Besides dissolving Time Inc. as it stands today, the pact would assemble a potentially awkward blended family. People, the weekly celebrity hound with a masthead heavy enough to sink most ships, and its fashionable sibling, InStyle, on the surface seem like poor fits for Meredith, a down-home and frugal mass-market publisher with headquarters in Des Moines, Iowa.
But Time Warner's castoffs could actually prove to be the biggest winners, as they leap from a company focused on other fast-growing priorities such as TV and entertainment to a new home where they would be stars.
Time Inc. is certainly the bigger of the two operations, with revenue of $967 million in the quarter ended Dec. 31, down 7% from the comparable quarter a year earlier. At Meredith's National Media Group, the division that includes magazines, revenue in the quarter totaled $249 million, up 2%.
A former Time Inc. staffer who worked there in headier times said the deal was promising for the brands being dealt. "It's the end of an era, but I don't go to the place where I'm sad about it, necessarily," the staffer said. "These are great brands, People and Real Simple and InStyle, and [they are] going to a place where they're going to be the main event and get a lot of attention."
The new company would also have a lot of weight to swing in the magazine business, boasting average circulation of about 55 million. Its closest contender would be Hearst, the publisher of magazines such as Cosmopolitan and Elle, which would be more than 20 million behind.

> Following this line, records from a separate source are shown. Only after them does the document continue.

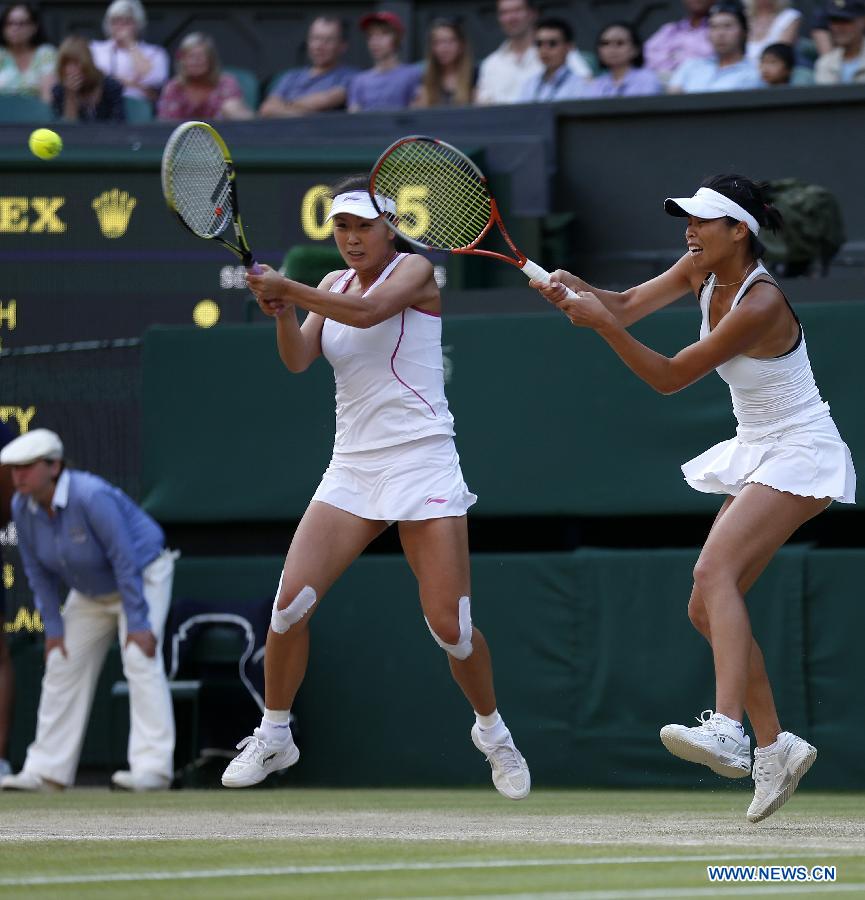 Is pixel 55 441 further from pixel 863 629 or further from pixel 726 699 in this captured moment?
pixel 726 699

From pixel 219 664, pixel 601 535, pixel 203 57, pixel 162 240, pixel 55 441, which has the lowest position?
pixel 219 664

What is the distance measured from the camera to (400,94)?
11.2 m

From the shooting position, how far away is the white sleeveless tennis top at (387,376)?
18.1ft

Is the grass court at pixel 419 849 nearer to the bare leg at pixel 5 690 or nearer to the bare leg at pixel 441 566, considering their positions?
the bare leg at pixel 441 566

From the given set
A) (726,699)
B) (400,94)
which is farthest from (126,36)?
(726,699)

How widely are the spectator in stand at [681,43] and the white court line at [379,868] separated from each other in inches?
303

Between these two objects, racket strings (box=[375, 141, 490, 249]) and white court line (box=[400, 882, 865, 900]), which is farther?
racket strings (box=[375, 141, 490, 249])

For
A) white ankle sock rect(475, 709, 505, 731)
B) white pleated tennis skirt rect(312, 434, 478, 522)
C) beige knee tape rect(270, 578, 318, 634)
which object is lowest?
white ankle sock rect(475, 709, 505, 731)

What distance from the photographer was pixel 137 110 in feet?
37.5

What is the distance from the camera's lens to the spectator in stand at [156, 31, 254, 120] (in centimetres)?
1123

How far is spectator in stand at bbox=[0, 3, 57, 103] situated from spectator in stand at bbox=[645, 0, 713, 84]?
406 centimetres

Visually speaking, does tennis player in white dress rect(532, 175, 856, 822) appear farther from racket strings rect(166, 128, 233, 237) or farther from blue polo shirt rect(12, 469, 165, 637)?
blue polo shirt rect(12, 469, 165, 637)

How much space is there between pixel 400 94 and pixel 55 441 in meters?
4.05

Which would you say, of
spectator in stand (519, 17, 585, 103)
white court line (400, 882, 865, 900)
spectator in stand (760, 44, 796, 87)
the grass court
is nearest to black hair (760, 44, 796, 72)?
spectator in stand (760, 44, 796, 87) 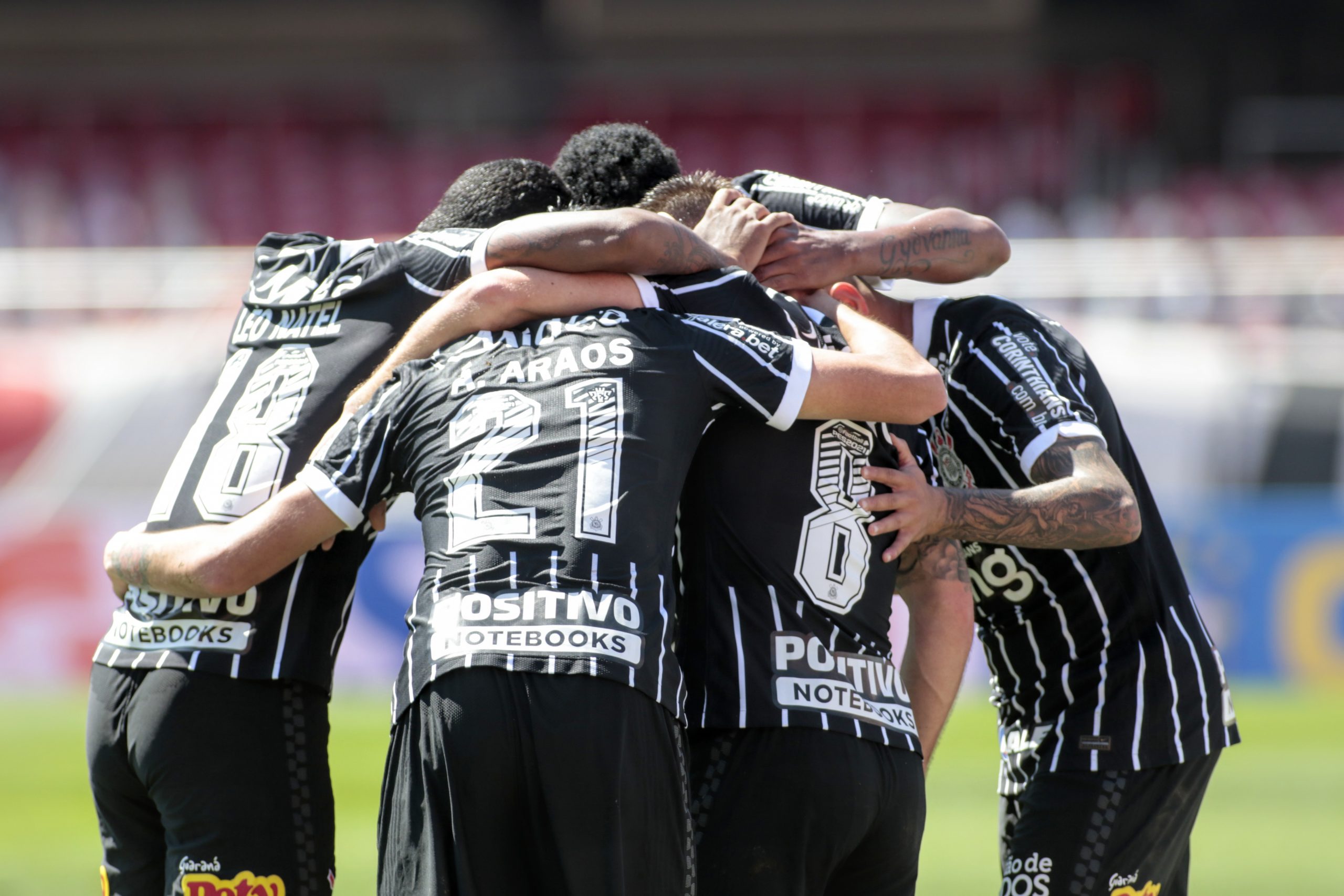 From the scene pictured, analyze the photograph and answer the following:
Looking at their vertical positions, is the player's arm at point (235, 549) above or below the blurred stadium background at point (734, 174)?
below

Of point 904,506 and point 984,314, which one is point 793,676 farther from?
Answer: point 984,314

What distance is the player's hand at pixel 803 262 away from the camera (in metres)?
3.45

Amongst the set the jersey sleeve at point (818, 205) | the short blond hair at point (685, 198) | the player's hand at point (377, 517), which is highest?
the jersey sleeve at point (818, 205)

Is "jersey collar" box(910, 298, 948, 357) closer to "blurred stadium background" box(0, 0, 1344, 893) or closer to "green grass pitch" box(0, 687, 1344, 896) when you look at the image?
"green grass pitch" box(0, 687, 1344, 896)

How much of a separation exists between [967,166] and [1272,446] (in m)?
8.87

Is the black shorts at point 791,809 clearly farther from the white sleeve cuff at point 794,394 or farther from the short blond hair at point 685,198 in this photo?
the short blond hair at point 685,198

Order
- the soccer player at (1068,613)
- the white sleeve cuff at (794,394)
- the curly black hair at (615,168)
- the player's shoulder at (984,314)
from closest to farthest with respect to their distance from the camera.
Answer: the white sleeve cuff at (794,394)
the soccer player at (1068,613)
the player's shoulder at (984,314)
the curly black hair at (615,168)

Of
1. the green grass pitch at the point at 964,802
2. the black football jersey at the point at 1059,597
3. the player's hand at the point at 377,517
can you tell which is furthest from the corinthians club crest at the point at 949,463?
the green grass pitch at the point at 964,802

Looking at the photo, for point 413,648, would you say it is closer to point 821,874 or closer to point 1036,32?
point 821,874

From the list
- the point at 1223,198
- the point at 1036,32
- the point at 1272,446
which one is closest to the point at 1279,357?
the point at 1272,446

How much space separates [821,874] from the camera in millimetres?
2777

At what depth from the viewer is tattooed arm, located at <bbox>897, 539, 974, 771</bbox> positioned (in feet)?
11.3

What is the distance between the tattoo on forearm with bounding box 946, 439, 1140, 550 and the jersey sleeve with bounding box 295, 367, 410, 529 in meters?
1.18

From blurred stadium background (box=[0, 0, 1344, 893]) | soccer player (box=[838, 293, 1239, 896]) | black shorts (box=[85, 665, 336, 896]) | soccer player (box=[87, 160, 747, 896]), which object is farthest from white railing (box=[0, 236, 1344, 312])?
black shorts (box=[85, 665, 336, 896]) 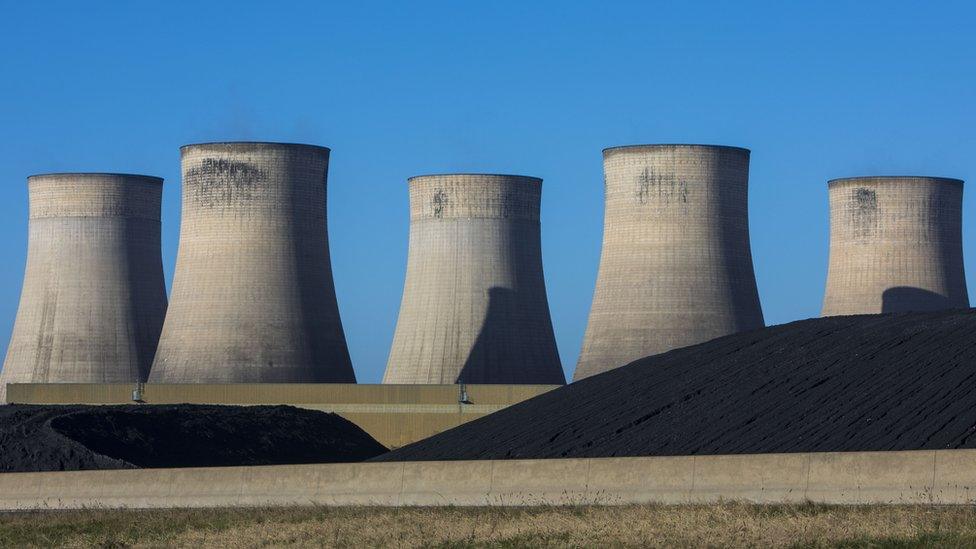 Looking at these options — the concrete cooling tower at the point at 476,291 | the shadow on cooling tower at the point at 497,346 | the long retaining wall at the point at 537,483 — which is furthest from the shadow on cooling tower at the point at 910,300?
the long retaining wall at the point at 537,483

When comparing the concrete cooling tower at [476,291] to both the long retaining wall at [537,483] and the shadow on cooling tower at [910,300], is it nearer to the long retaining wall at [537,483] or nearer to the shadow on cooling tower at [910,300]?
the shadow on cooling tower at [910,300]

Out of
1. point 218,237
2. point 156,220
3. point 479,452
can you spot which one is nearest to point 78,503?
point 479,452

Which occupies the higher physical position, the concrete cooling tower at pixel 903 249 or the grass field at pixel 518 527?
the concrete cooling tower at pixel 903 249

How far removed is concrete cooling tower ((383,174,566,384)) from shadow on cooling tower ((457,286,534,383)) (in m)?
0.02

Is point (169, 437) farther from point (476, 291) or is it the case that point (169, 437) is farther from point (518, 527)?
point (476, 291)

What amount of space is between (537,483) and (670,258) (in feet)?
67.6

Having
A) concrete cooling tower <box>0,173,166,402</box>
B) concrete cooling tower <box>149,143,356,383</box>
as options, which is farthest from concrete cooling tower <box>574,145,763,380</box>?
concrete cooling tower <box>0,173,166,402</box>

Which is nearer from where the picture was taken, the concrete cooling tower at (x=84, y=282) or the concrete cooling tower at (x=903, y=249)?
the concrete cooling tower at (x=84, y=282)

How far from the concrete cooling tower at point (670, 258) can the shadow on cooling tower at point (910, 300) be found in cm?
446

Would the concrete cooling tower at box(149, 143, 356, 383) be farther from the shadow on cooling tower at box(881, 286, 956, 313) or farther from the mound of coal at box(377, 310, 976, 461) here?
the mound of coal at box(377, 310, 976, 461)

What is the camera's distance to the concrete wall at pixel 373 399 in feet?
103

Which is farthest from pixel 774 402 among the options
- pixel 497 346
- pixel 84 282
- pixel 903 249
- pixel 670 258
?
pixel 84 282

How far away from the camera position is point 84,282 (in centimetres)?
3781

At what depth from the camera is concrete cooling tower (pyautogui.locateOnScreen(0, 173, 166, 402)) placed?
37.6 m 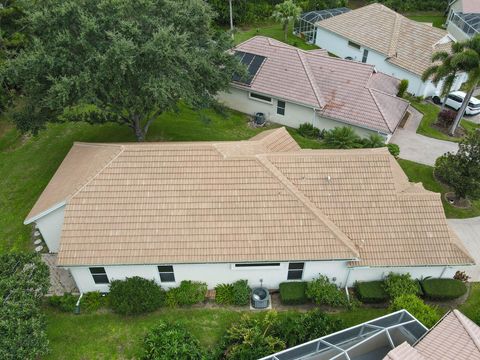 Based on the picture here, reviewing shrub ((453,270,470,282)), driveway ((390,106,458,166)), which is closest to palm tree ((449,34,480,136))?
driveway ((390,106,458,166))

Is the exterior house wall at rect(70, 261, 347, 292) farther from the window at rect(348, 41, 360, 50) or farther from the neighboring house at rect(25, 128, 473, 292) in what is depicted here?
the window at rect(348, 41, 360, 50)

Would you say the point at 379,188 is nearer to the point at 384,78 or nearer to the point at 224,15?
the point at 384,78

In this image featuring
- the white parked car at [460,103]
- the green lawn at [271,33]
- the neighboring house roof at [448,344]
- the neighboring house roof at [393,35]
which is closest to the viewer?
the neighboring house roof at [448,344]

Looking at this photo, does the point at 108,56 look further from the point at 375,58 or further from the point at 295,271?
the point at 375,58

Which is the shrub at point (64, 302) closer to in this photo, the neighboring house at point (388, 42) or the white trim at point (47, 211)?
the white trim at point (47, 211)

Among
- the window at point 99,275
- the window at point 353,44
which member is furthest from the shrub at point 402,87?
the window at point 99,275

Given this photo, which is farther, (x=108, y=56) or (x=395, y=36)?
(x=395, y=36)

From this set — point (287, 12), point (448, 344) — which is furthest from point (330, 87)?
point (448, 344) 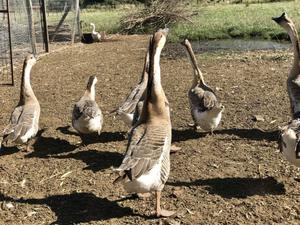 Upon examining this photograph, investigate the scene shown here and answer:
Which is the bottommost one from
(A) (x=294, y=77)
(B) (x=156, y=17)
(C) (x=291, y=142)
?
(B) (x=156, y=17)

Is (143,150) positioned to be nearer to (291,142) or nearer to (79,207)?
(79,207)

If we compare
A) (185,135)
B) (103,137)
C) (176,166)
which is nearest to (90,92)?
(103,137)

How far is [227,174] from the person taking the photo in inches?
235

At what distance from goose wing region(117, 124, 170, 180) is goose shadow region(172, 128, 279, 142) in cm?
213

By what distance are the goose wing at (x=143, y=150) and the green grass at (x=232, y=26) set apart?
46.7ft

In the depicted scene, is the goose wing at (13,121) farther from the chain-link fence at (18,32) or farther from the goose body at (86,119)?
the chain-link fence at (18,32)

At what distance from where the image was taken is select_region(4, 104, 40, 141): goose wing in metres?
6.77

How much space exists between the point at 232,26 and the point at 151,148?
16.9 m

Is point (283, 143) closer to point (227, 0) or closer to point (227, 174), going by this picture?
point (227, 174)

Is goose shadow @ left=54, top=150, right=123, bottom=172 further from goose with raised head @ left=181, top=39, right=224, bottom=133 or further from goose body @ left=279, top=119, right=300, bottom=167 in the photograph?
goose body @ left=279, top=119, right=300, bottom=167

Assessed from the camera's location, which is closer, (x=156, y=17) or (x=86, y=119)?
(x=86, y=119)

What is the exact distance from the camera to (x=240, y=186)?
562 cm

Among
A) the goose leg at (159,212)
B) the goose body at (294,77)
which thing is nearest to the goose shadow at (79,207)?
the goose leg at (159,212)

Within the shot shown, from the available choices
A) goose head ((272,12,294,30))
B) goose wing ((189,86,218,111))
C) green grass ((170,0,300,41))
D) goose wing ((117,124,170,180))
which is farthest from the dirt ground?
green grass ((170,0,300,41))
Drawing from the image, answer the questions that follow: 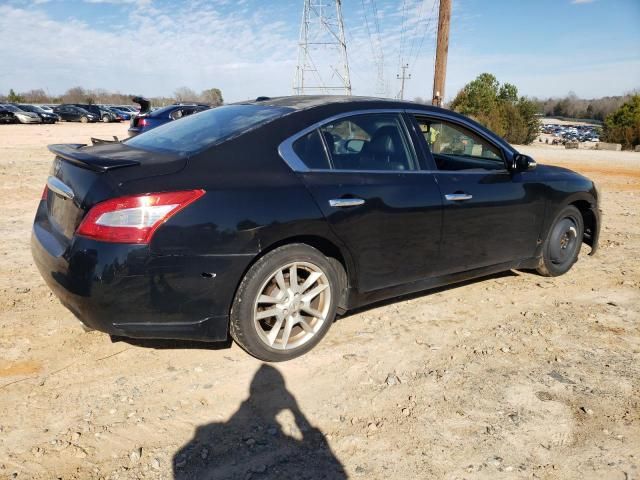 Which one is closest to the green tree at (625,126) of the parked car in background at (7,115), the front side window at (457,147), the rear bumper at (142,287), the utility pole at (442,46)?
the utility pole at (442,46)

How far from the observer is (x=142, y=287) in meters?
2.64

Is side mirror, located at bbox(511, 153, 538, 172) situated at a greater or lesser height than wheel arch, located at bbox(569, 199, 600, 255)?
greater

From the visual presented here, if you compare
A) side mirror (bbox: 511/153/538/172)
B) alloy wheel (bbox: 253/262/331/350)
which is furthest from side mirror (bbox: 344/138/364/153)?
side mirror (bbox: 511/153/538/172)

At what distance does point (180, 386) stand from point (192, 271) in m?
0.72

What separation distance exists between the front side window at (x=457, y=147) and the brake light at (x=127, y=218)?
7.04ft

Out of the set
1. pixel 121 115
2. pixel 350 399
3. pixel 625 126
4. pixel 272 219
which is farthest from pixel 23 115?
pixel 625 126

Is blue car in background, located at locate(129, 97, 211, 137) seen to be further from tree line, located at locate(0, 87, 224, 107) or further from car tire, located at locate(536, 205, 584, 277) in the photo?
tree line, located at locate(0, 87, 224, 107)

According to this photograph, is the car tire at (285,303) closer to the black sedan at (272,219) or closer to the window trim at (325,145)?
the black sedan at (272,219)

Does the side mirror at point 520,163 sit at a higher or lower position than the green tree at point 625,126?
lower

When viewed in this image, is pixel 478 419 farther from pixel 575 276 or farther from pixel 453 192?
pixel 575 276

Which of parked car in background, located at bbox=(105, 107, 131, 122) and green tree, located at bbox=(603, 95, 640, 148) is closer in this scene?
green tree, located at bbox=(603, 95, 640, 148)

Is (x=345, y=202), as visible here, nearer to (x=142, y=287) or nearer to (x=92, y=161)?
(x=142, y=287)

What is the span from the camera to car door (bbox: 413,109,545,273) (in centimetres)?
384

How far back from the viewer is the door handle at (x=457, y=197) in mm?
3762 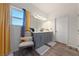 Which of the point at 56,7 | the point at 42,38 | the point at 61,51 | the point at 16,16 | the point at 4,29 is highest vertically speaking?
the point at 56,7

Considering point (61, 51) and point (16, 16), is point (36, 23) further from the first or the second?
point (61, 51)

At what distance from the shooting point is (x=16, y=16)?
150 cm

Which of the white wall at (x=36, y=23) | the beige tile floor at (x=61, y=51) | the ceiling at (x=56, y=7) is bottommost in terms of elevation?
the beige tile floor at (x=61, y=51)

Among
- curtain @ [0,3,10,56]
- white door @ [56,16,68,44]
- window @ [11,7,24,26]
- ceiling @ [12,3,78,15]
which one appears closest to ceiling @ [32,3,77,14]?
ceiling @ [12,3,78,15]

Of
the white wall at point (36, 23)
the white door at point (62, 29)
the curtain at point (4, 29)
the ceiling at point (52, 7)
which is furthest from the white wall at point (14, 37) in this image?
the white door at point (62, 29)

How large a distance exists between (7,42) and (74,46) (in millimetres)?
901

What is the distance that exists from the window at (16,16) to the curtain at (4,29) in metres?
0.06

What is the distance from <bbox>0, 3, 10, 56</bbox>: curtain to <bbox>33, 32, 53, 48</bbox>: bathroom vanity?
1.24 feet

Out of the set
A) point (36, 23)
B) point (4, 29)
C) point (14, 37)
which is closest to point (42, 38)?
point (36, 23)

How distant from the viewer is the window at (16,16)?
1486 mm

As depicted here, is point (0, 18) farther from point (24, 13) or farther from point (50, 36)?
point (50, 36)

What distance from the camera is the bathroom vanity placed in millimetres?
1538

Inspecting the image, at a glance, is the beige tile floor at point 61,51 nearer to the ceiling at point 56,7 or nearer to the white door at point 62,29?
the white door at point 62,29

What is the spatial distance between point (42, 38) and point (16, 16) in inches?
18.4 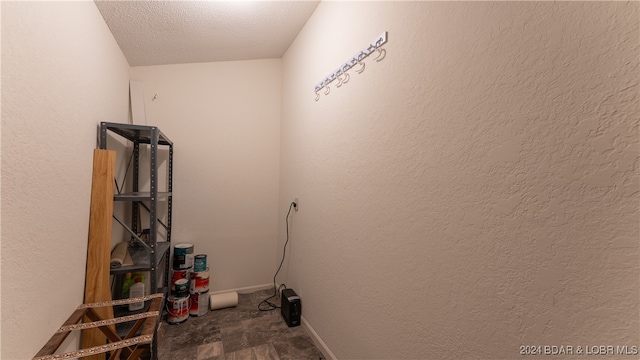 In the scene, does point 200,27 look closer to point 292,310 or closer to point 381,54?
point 381,54

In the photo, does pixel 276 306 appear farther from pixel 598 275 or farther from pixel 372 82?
pixel 598 275

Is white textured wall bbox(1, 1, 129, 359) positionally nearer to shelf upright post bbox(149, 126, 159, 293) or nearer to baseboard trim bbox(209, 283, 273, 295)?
shelf upright post bbox(149, 126, 159, 293)

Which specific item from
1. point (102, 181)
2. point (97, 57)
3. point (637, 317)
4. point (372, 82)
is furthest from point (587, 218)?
point (97, 57)

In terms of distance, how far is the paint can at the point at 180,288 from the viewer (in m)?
2.18

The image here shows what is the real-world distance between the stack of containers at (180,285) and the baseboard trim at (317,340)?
3.31ft

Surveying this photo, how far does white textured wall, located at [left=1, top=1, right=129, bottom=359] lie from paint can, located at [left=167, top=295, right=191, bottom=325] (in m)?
0.89

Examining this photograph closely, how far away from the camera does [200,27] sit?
1.88 m

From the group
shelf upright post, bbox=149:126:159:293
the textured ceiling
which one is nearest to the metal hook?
the textured ceiling

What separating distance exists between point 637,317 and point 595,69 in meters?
0.53

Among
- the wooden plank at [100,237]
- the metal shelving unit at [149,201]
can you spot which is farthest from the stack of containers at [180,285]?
the wooden plank at [100,237]

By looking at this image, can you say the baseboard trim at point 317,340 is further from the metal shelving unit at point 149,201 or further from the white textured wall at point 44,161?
the white textured wall at point 44,161


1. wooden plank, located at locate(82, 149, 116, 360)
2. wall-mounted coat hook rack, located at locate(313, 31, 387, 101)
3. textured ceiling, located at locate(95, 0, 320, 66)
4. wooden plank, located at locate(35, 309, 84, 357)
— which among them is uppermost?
textured ceiling, located at locate(95, 0, 320, 66)

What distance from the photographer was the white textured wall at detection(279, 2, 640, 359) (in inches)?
22.3

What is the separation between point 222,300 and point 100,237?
1.25 meters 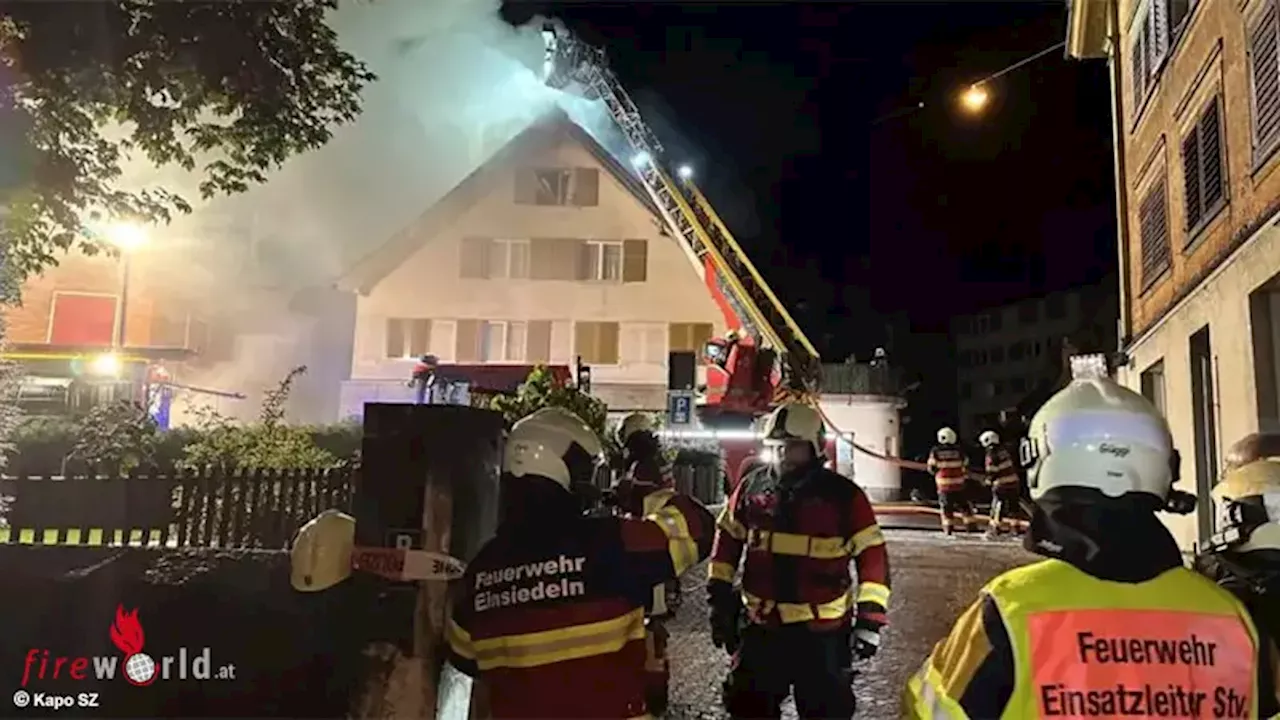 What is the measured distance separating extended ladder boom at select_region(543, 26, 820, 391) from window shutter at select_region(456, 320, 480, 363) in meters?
5.33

But would a Meredith-Time Inc. publishing conglomerate do anything to help its magazines compete in ad sales against TV and digital media? That seems unlikely in the near term. "Most clients still operate in silos in terms of budget allocation," said George Janson, managing partner at WPP's Group M, a conglomerate on the ad-buying side. "So I don't think this will have a material impact, one way or the other."
The new entity would also represent the latest quarantine for a piece of the media business that many investors don't want. Some will wonder whether this is the right time for Meredith to double down on magazines. The specter in the recent past is the McClatchy newspaper company's decision last decade to buy Knight Ridder, then the second-biggest newspaper chain in the country, for $4.5 billion. Suffice it to say the purchase did not work out as McClatchy had hoped.
"That's the gamble," said Jeff Jarvis, director of the Tow-Knight Center for Entrepreneurial Journalism at the City University of New York's Graduate School of Journalism, and the founding editor of Time Inc.'s Entertainment Weekly, another title at play in the deal.
Meredith has excelled at folding in and building up creative services to complement its traditional ad-sales business, Mr. Jarvis said, and will find plenty of places to cut costs. But magazine publishers have held on to their authority too long while digital media grows partly by connecting consumers, he said. "Magazines have pretty much blown it now because they've insisted on the mass market and being brands, not community companies," Mr. Jarvis said.
Meredith, which redesigned Ladies' Home Journal last year to prominently feature readers' voices, at least may be more ready for that model than Time Inc., Mr. Jarvis said. "Is there a transformational strategy for magazines?" he said. "I still think it's possible for magazines to become community companies. But I'm not seeing it."